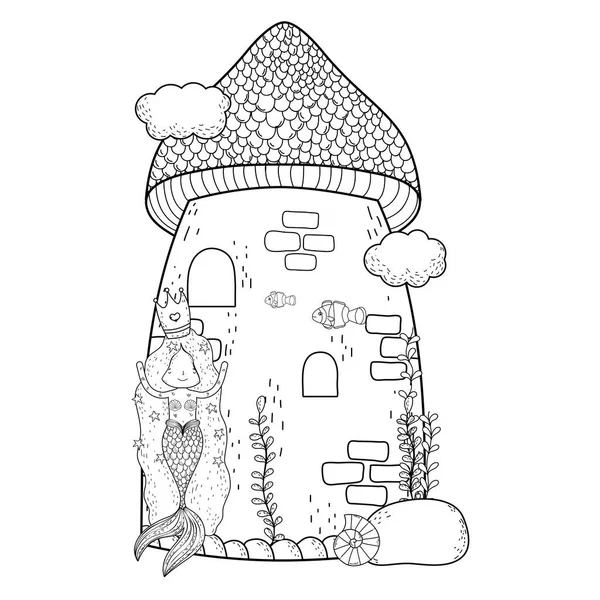 Meerjungfrau mit Schloss Unterwasser-Szene — Stockvektor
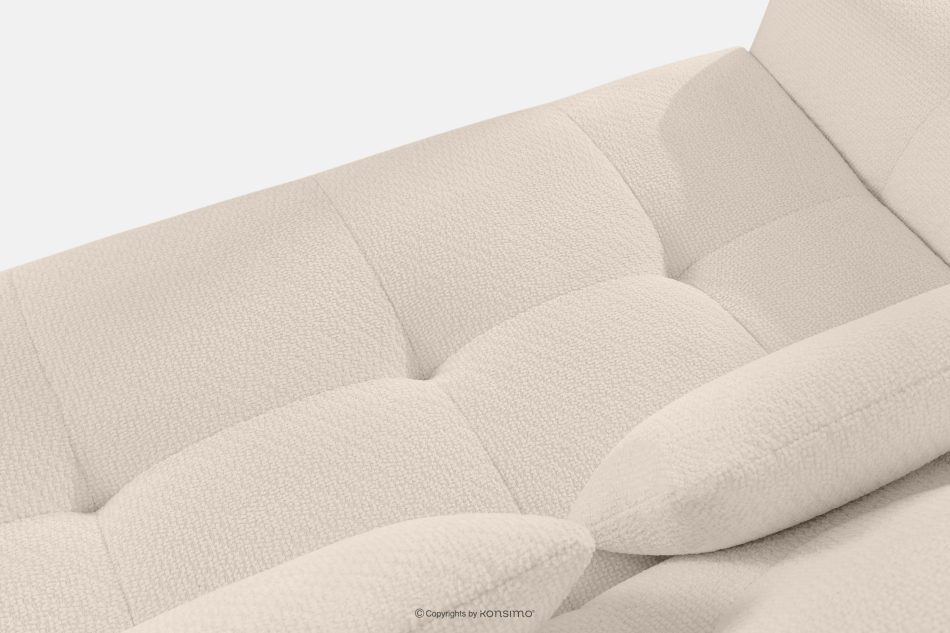 ALIGRA Wohnzimmermöbel-Set rechtes Ecksofa und Hocker aus Chenille-Stoff mit Steppung hellbeige hellbeige - Foto 6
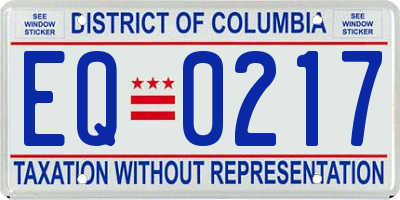 DC license plate EQ0217
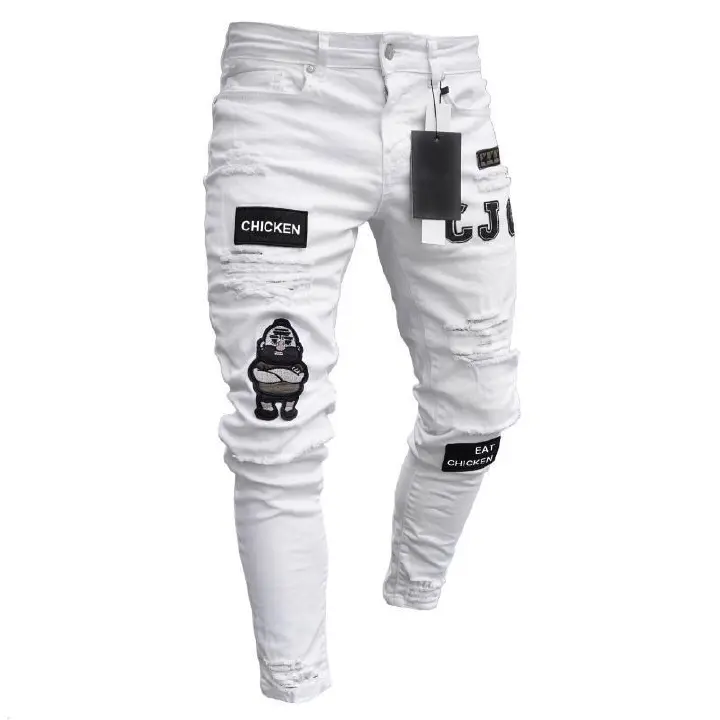 European and American men's skinny jeans light color ripped leg pants
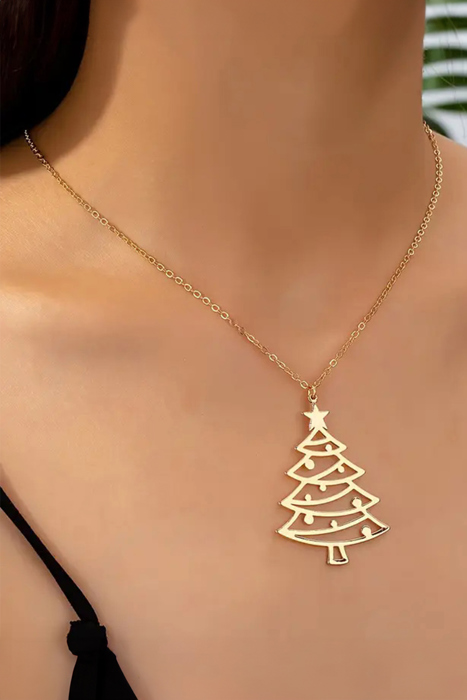Delilah Hollowed Christmas Tree Necklace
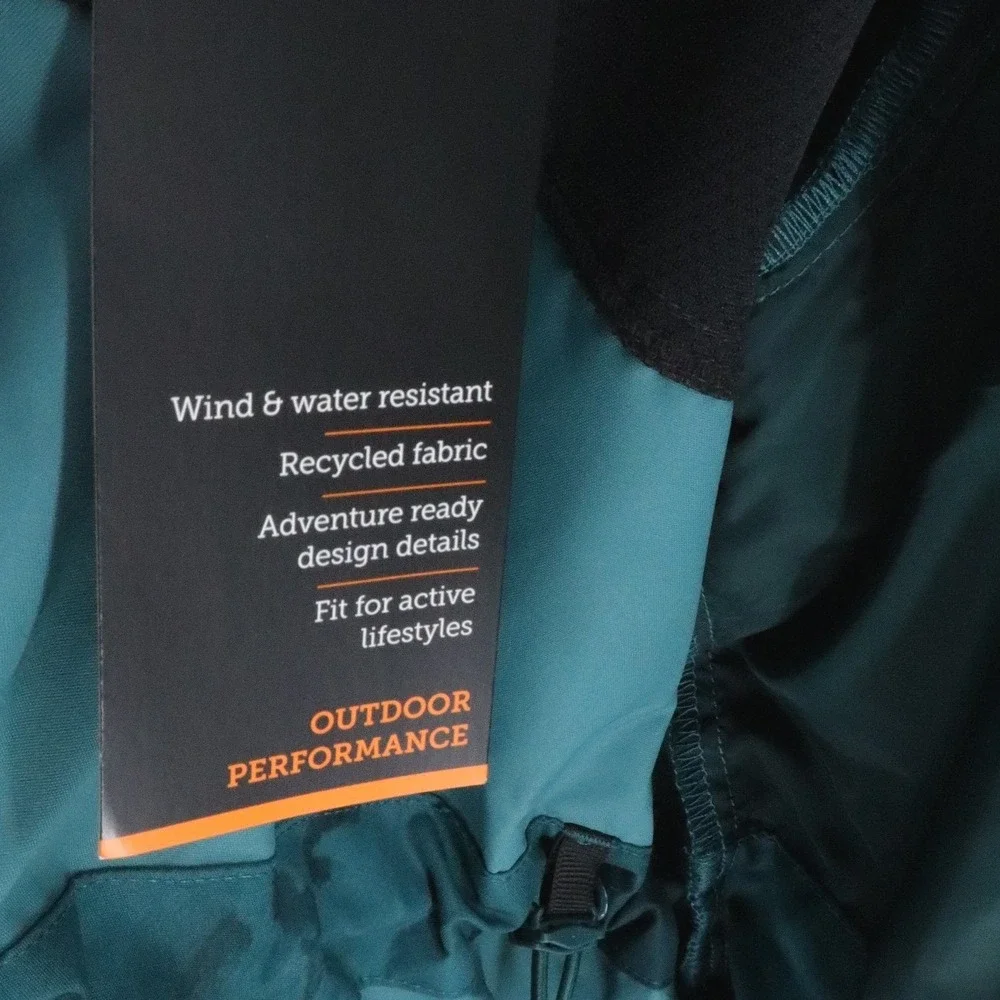 NWT Orvis Outbound Pack & Go Jacket S Water Resistant Teal Green Travel Hooded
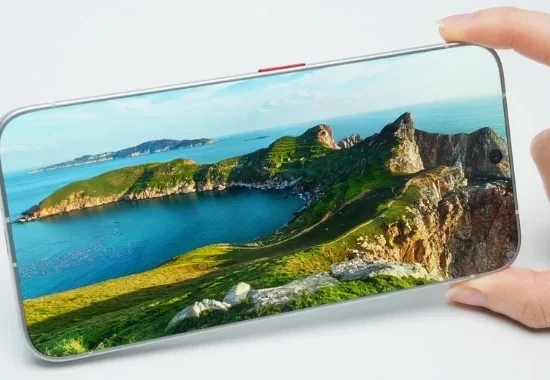 TECNO Next-Gen Bezelless Concept Phone showcasing an industry-first 0mm display border with an immersive edge-to-edge screen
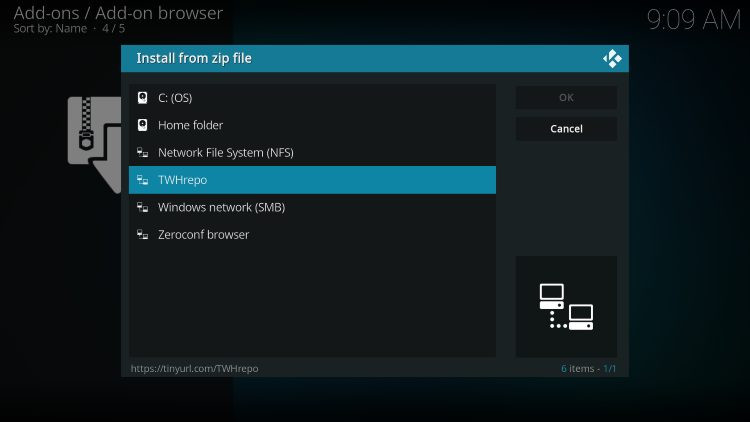 choose twhrepo for artemis kodi addon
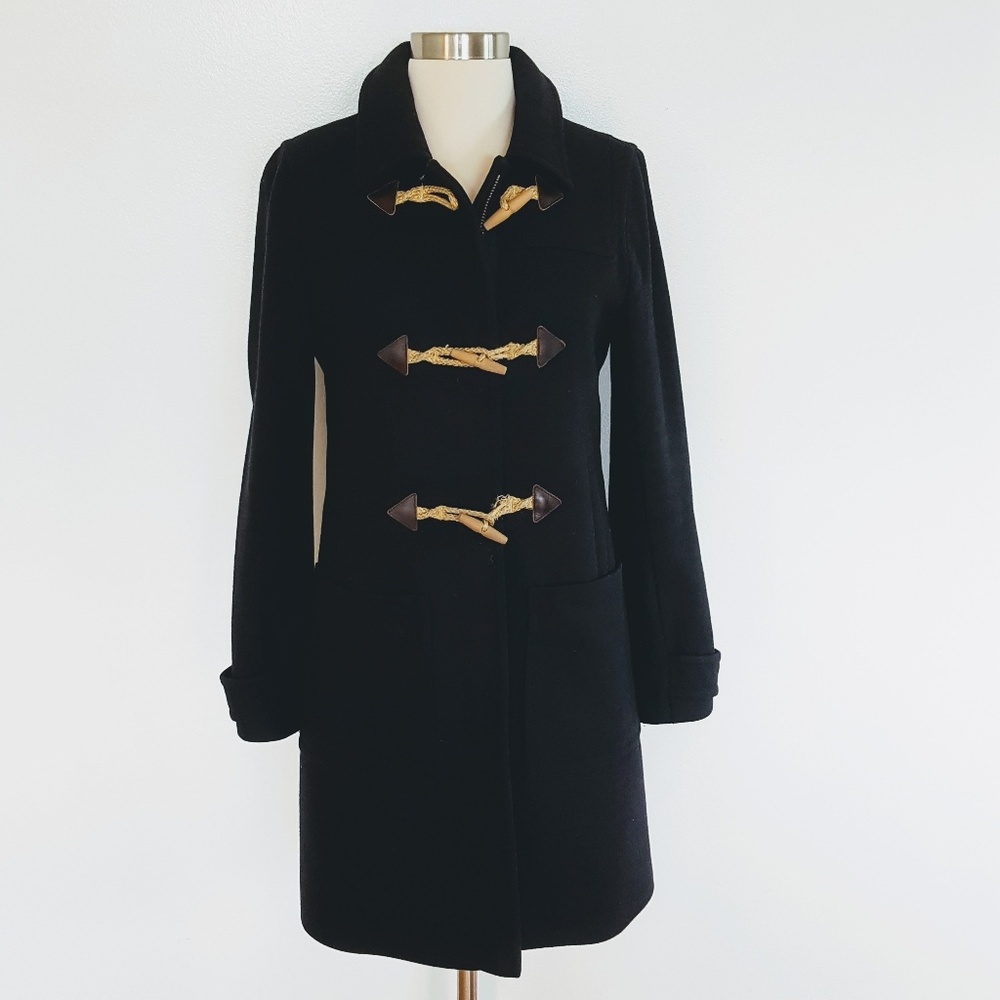 J. Crew | Black Melton Wool Toggle Coat - Sz 4 - Picture 3 of 8
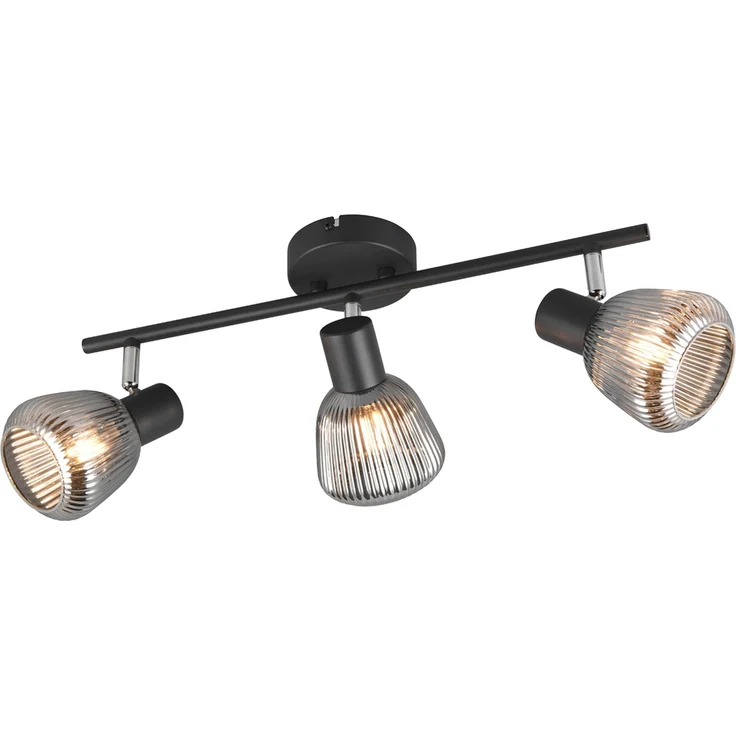 Deckenstrahler TARIFA 3-flammig mit Glasschirmen Chrom bedampft, Breite 47cm – Bild 2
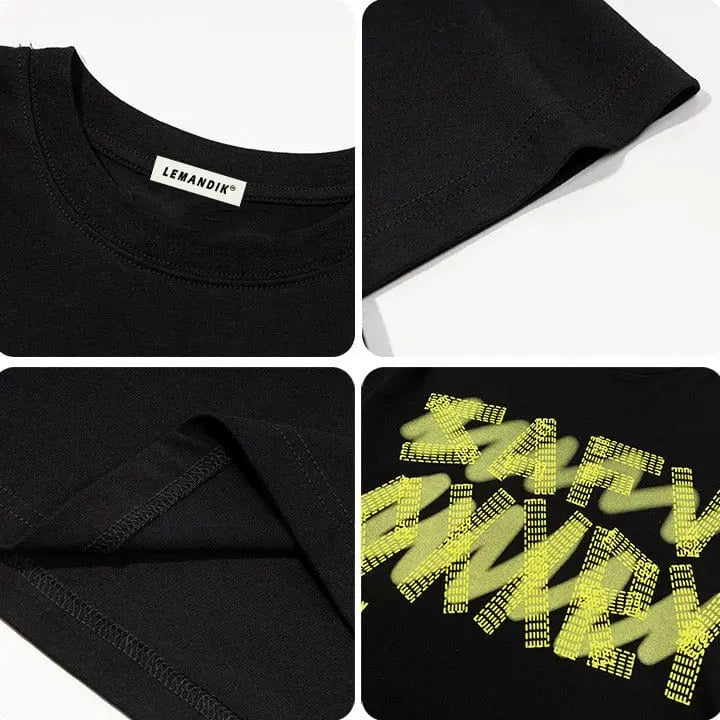 Sneakerhill® Punk Cotton T-Shirt Letter Foam - sneakerhillcom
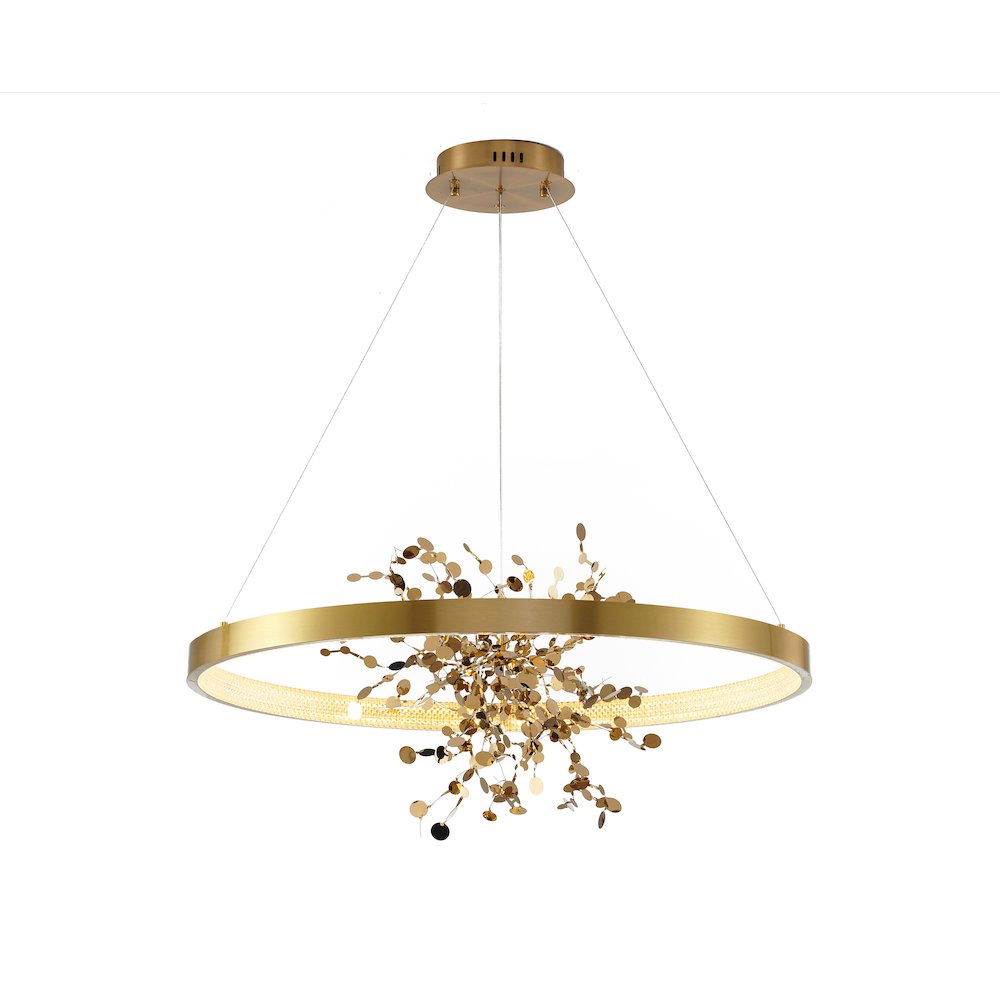 1-Light Gold Stainless Steel LED Chandelier With Gold Aluminum Confetti Interior. Picture 1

Try it: An exact transcription of the data above is needed, without the pictures.

Written response:
 Meerjungfrau mit Schloss Unterwasser-Szene — Stockvektor
 ALIGRA Wohnzimmermöbel-Set rechtes Ecksofa und Hocker aus Chenille-Stoff mit Steppung hellbeige hellbeige - Foto 6
 DC license plate EQ0217
 European and American men's skinny jeans light color ripped leg pants
Delilah Hollowed Christmas Tree Necklace
 NWT Orvis Outbound Pack & Go Jacket S Water Resistant Teal Green Travel Hooded
 TECNO Next-Gen Bezelless Concept Phone showcasing an industry-first 0mm display border with an immersive edge-to-edge screen
 choose twhrepo for artemis kodi addon
 J. Crew | Black Melton Wool Toggle Coat - Sz 4 - Picture 3 of 8
 Deckenstrahler TARIFA 3-flammig mit Glasschirmen Chrom bedampft, Breite 47cm – Bild 2
 Sneakerhill® Punk Cotton T-Shirt Letter Foam - sneakerhillcom
 1-Light Gold Stainless Steel LED Chandelier With Gold Aluminum Confetti Interior. Picture 1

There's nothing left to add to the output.